Evolution of the Major Gercino Shear Zone in the Dom Feliciano Belt, South Brazil, and implications for the assembly of southwestern Gondwana

Mathias Hueck, Miguel Angelo Stipp Basei, Klaus Wemmer, Sebastián Oriolo, Florian Heidelbach, Siegfried Siegesmund
Año de la publicación: 
2 019
International Journal of Earth Sciences March 2019, Volume 108, Issue 2, pp 403–425
The Dom Feliciano Belt developed during the Brasiliano–Pan-African orogenic cycle due to the tectonic interaction between the Rio de la Plata, Congo and Kalahari cratons, along with the amalgamation of smaller continental fragments.

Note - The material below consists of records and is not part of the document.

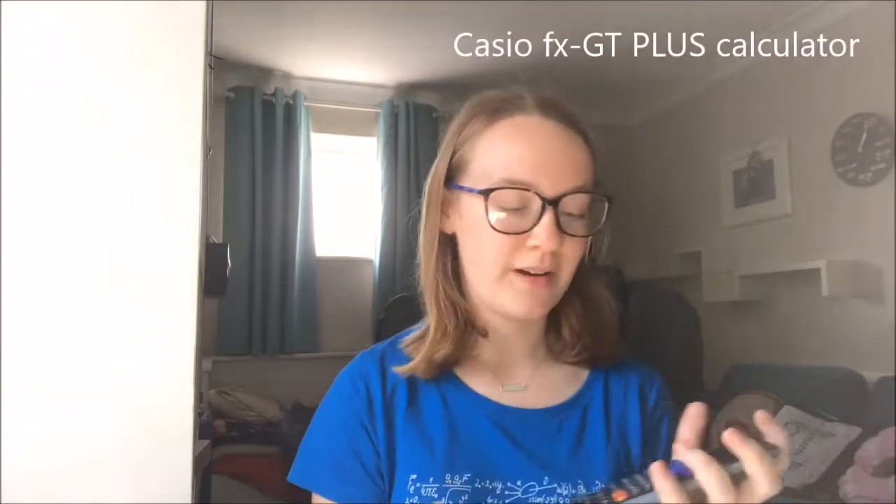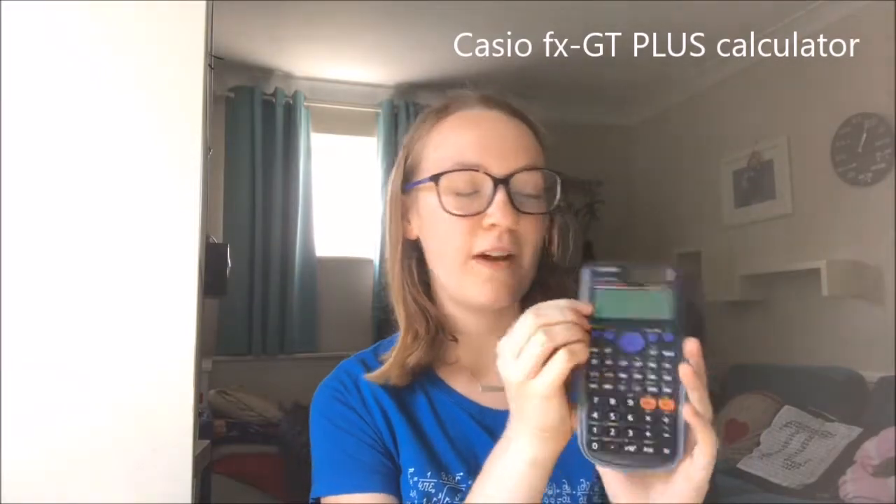I also have my GCSE calculator, which is the Casio FX-85 GT Plus. I don't know if I'm actually going to take this for A-level as well, because I may be able to use the graphical one for everything — whereas before I wasn't allowed to take it into some of my exams. So this is the more basic calculator, pretty self-explanatory, good for maths and science.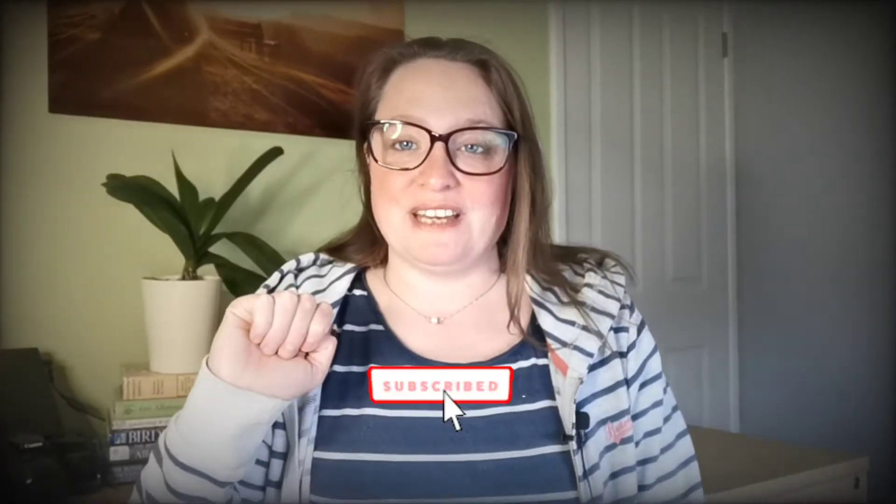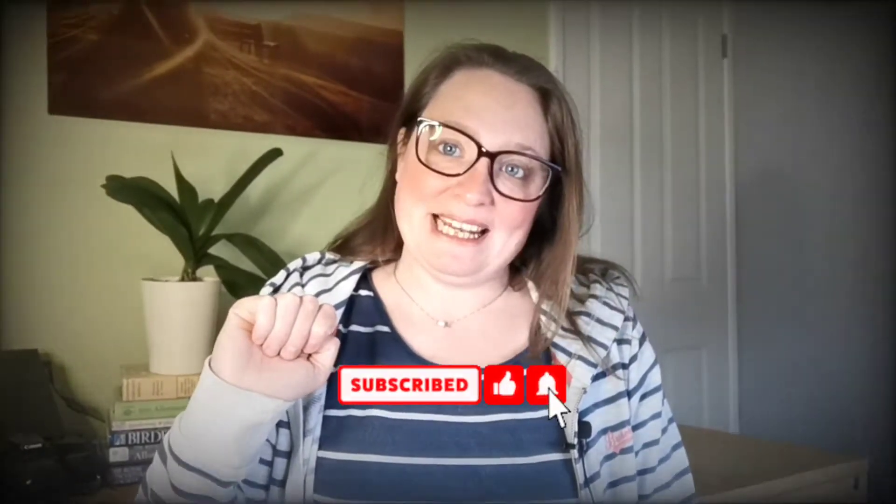If you want to see more videos like this helping you learn to support and grow your garden naturally, don't forget to subscribe and click the bell notification to see my videos as they come out weekly. Give this video a thumbs up as well — it helps more people see my videos and it shows me I'm making good stuff.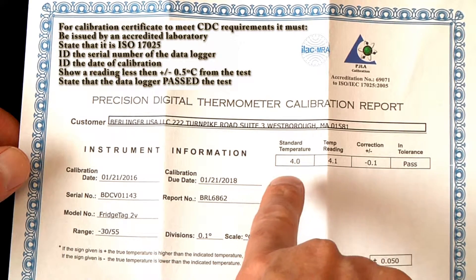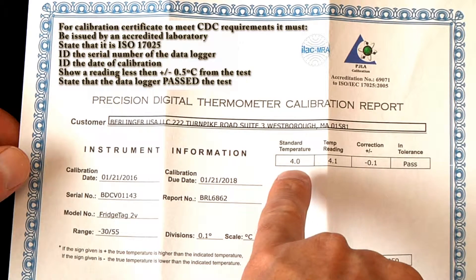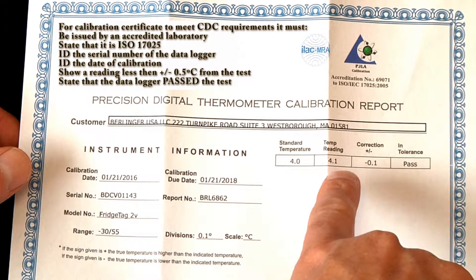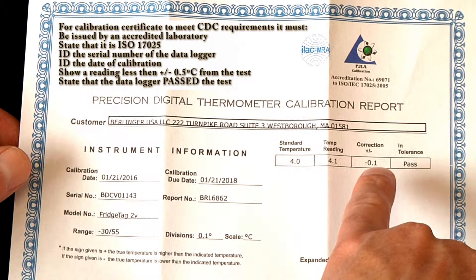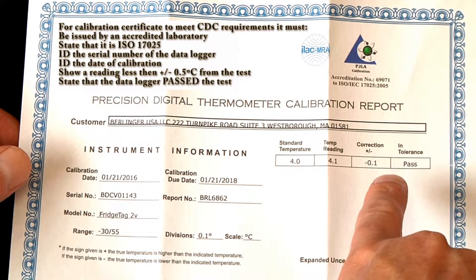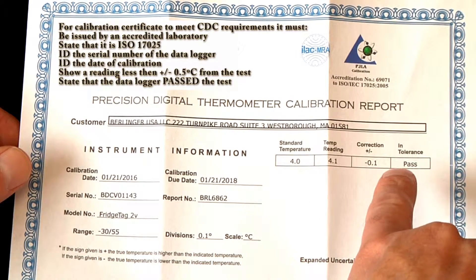It must show how the device was tested. In this case it was tested against a 4.0 degree temperature and it read 4.1 degrees C, which is a tolerance of 0.1 degree. The CDC acceptance range is 0.5 degrees, so this product passes the test.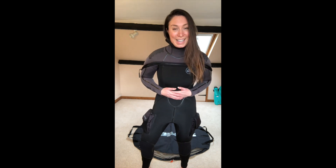Wearing an 8mm wetsuit inside is getting very warm, so I'm super excited to actually bring it into the ocean and check out how it performs on a dive. I put it on, but now I've got to get it off — so let's take the wetsuit off.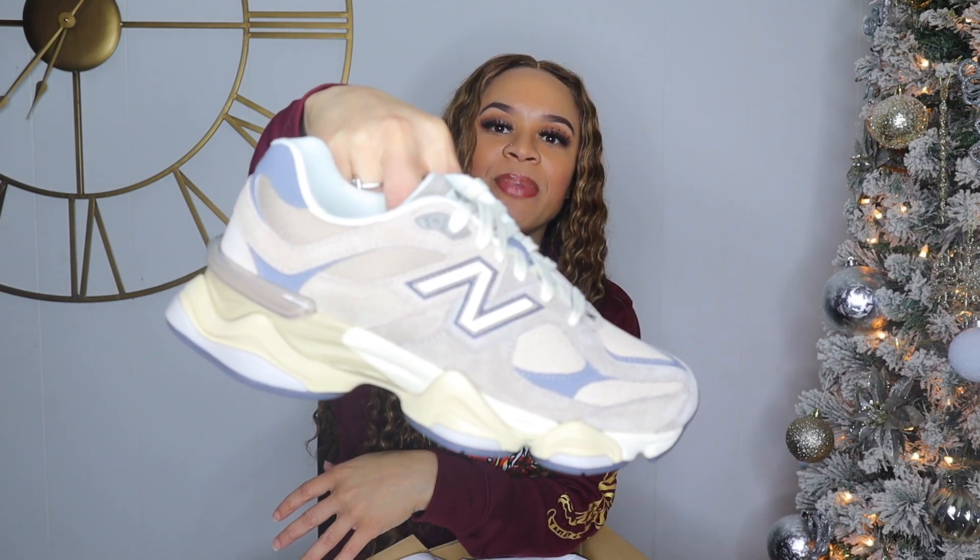Tell me what y'all think in the comments — let me know if you have a pair of New Balance, if you have these 90 60s, and if these are something you'd want to cop. I'm gonna try these bad boys on so y'all can see what they're giving.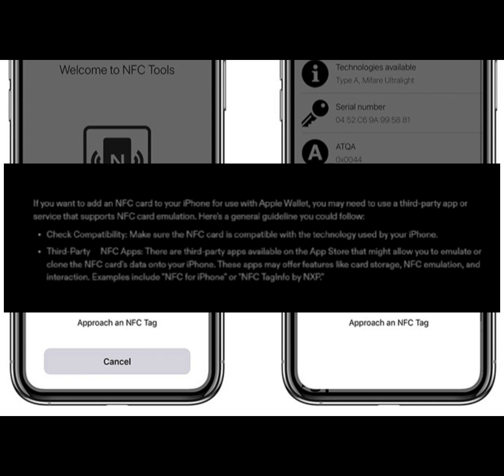First, check the compatibility — make sure that your NFC card is compatible with the technology used by your iPhone. There are third-party apps available on the App Store that might allow you to emulate or clone the NFC card's data onto your iPhone. These apps may offer features like card storage, simulation, and interaction.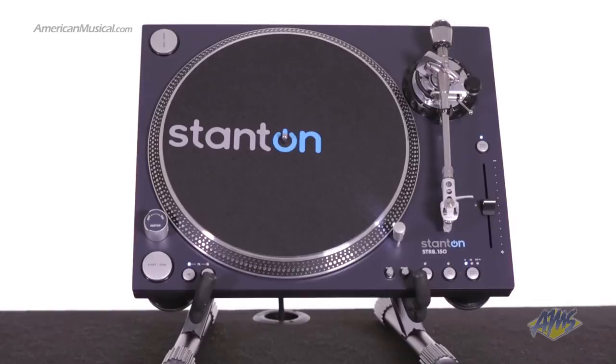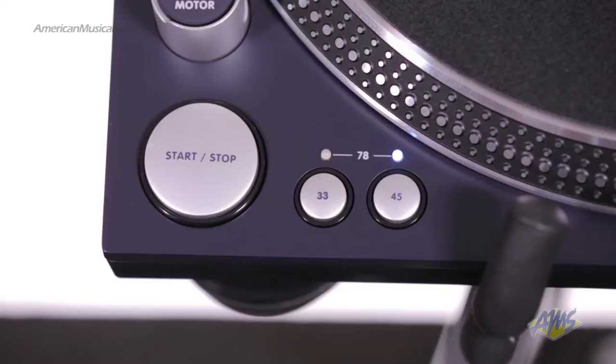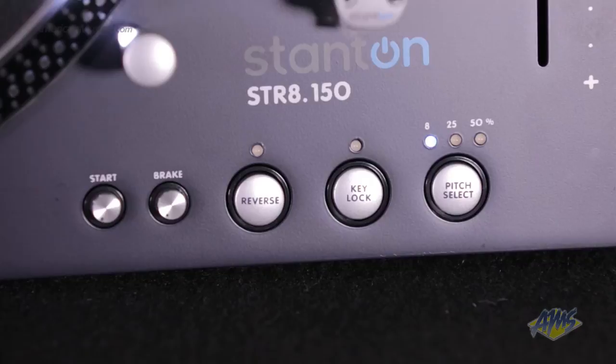The Stanton STR8-150 Direct Drive turntable is designed with everything professional DJs need and nothing they don't. It packs all the features a DJ would expect, including weight and tracking calibration, three selectable speeds, dual start-stop buttons with adjustable start brake speed controls, and reverse play.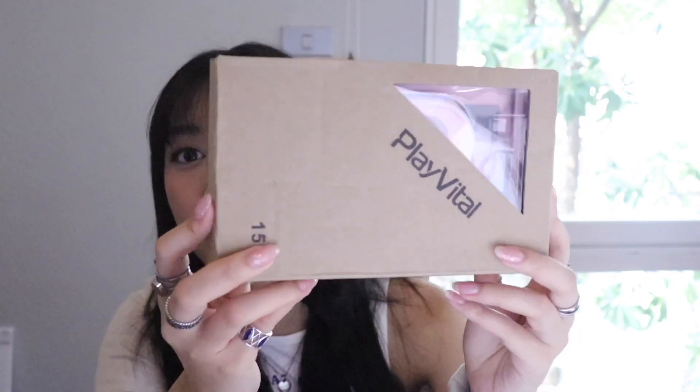This actually came in the mail so long ago, and it's because I've been so busy and haven't been able to film any videos. But I finally get the chance to unbox it and I'm so excited! I made the camera a little lower so you can unbox it together with me.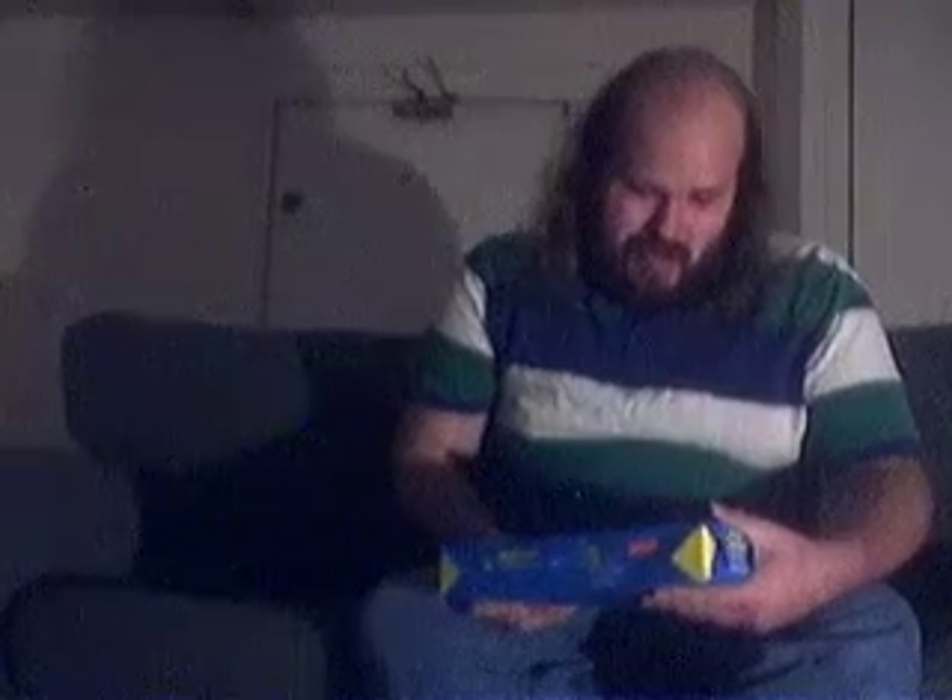Hello, everyone. It's me, Tim. It's a beautiful day in Sacramento, California. I've got a big haul for you today.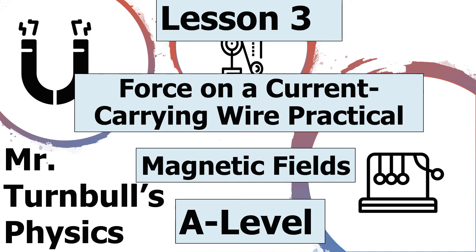Hello, and welcome to today's lesson on the force on a current carrying wire practical, which is part of the magnetic fields topic in AQA A-level physics.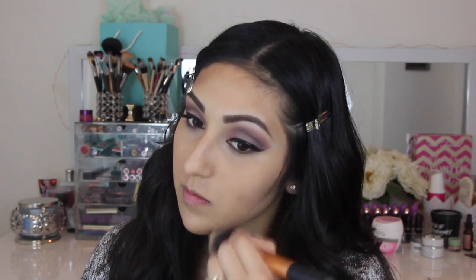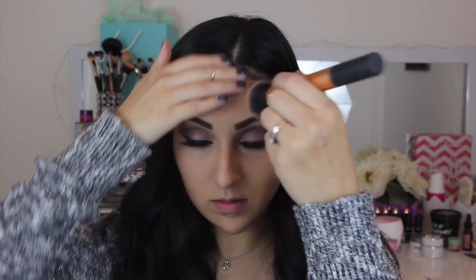I'm using a Real Techniques buffing brush to buff this out so it can look more soft. Now grabbing this NARS blush in Orgasm, just applying this on the apples of my cheeks right on top of my contour. Then with the same buffing brush, we're going to buff this out evenly.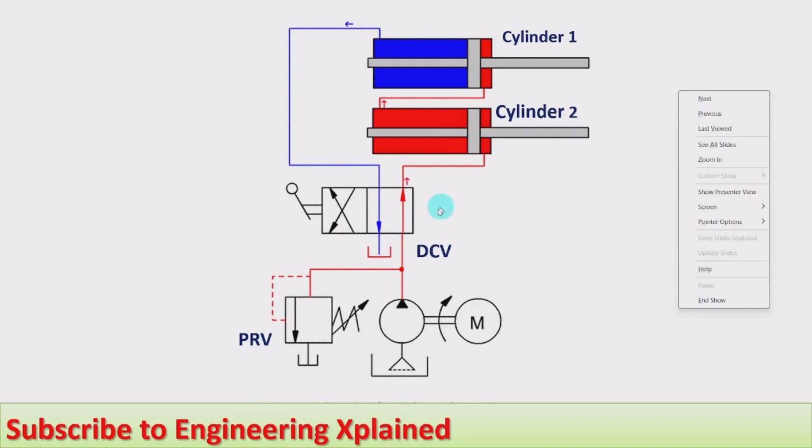When the direction control valve is switched to the right envelope, fluid from the pump goes to the right hand side of cylinder two and retraction of cylinder two takes place. The fluid from the left hand side of cylinder two flows to the right hand side of cylinder one, so retraction of cylinder one also starts. The fluid at the left hand side of cylinder one flows back to the tank.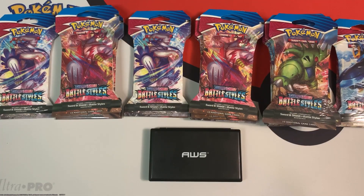Hey everybody, Collector Cousin here, and today I'm going to open up some new Pokemon Battle Styles packs. In this video, I'm going to weigh these packs to see if the set is weighable.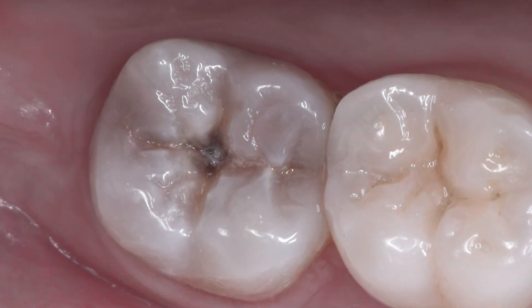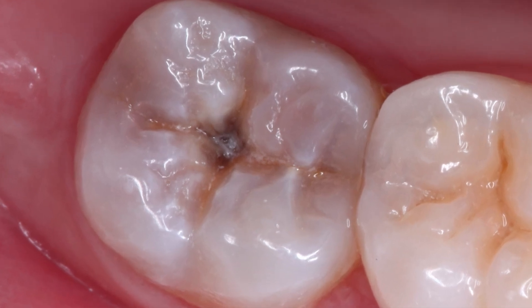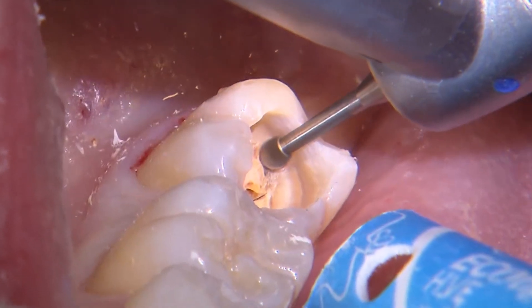Our examination reveals severe occlusal decay on tooth 31. The plan is to perform a caries clean-out and a direct composite restoration.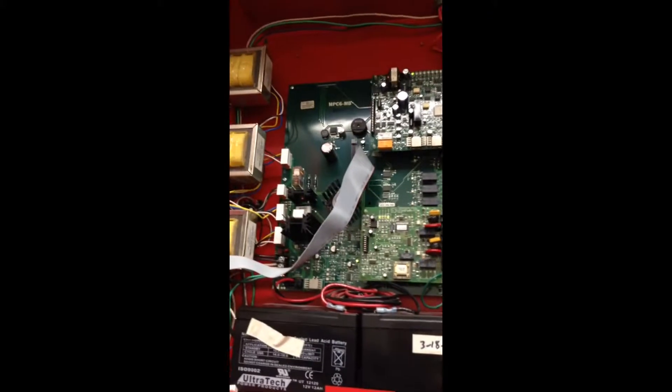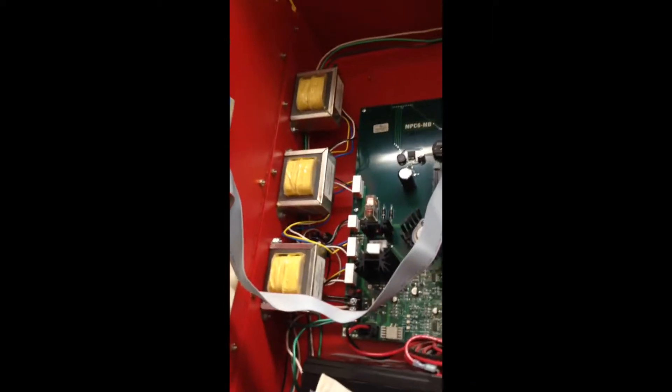There's the inside. I just thought this might be interesting — there's some of the relays. Power supply.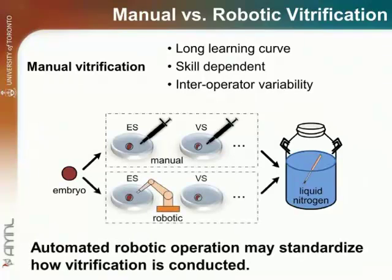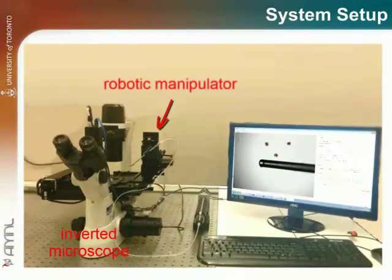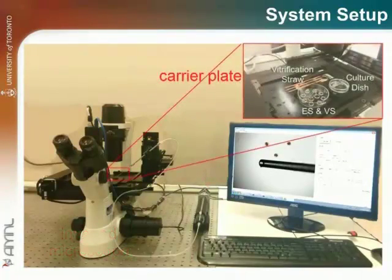We have developed a robotic vitrification system for automatically processing embryos and oocytes. The robotic system is built around an inverted microscope. A robotic manipulator and a motorized syringe are used to automatically pick and place embryos or oocytes. A custom-designed carrier plate is placed on the XY stage to hold an embryo culture dish, a multi-well plate, and multiple vitrification straws.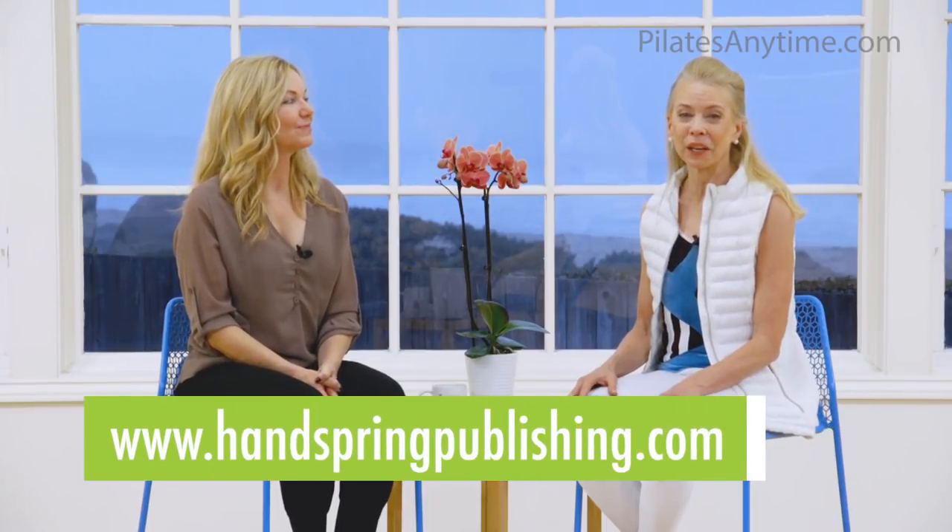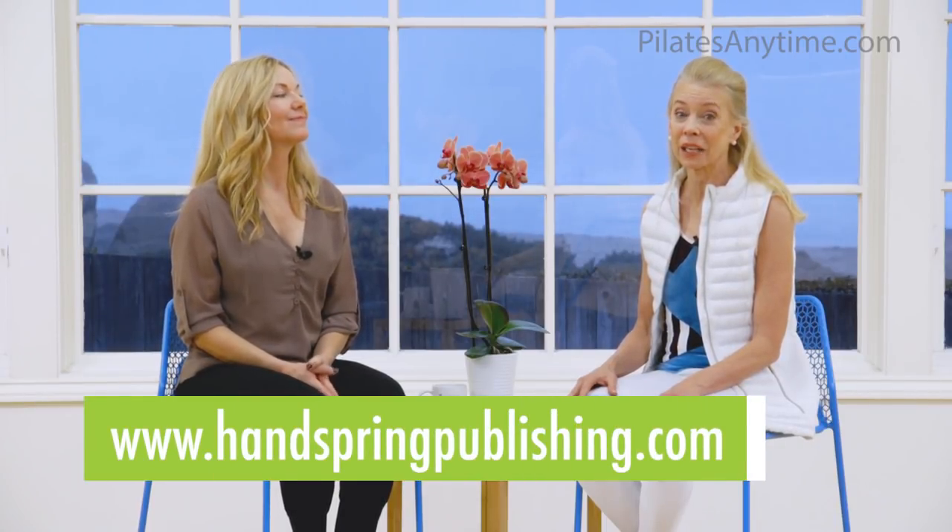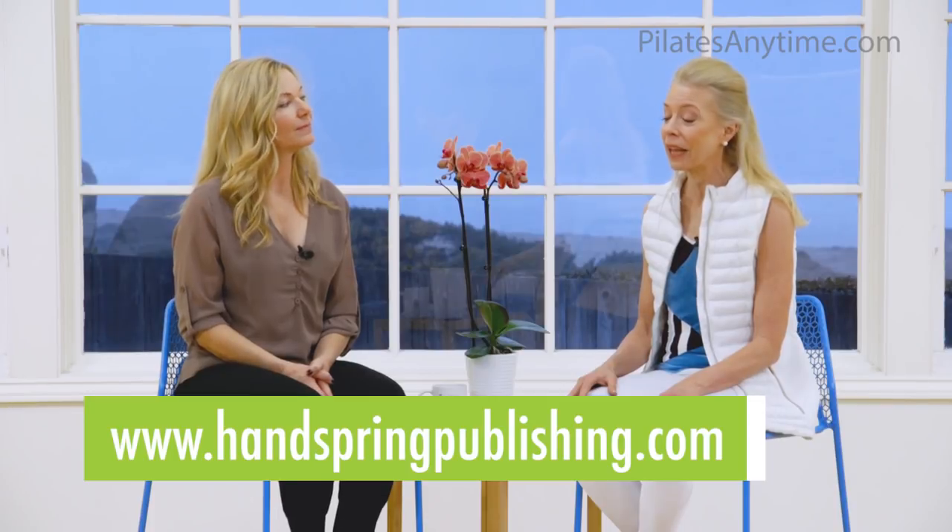Where can people buy your book? If you go to the Handspring website, www.handspringpublishing.com, and subscribe to their e-newsletter, you get a 20% discount coupon that you can apply to any book on the Handspring website. You can also buy it on Amazon.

Together with its prolongations to the south, the Major Gercino Shear Zone constitutes one of the main lineaments of the orogenic system, establishing a more than 1000 km long NE-trending tectonic boundary between a granitic batholith and a metavolcano-sedimentary association. Based on combined field, structural, microstructural and textural data, together with new and published geochronological data, a refined model for the geological evolution of the Major Gercino Shear Zone is presented. Regional NW-verging, low-dipping structures were generated between 650 and 615 Ma, preceding the formation of the shear zone. This was followed by the main deformation phase, corresponding to pure-shear dominated dextral strike-slip, interpreted do be controlled by regional transpression during oblique convergence of the continental terranes. This stage lasted until ca. 585 Ma and was coeval with the continuous emplacement of granitic magmatism along the structure. Strain partitioning and localization led to the development of mylonitic belts along the intrusion borders mostly under greenschist facies metamorphic conditions. Late-stage ductile deformation along the structure was active during the cooling of the intrusions until ca. 550 Ma, while the deformation front of the orogenic system migrated to counterpart orogenic belts in the African continent. After tectonic stabilization, the Major Gercino Shear Zone recorded episodic brittle reactivation, possibly related to the Phanerozoic evolution of the active margins and intracratonic basins in Gondwana.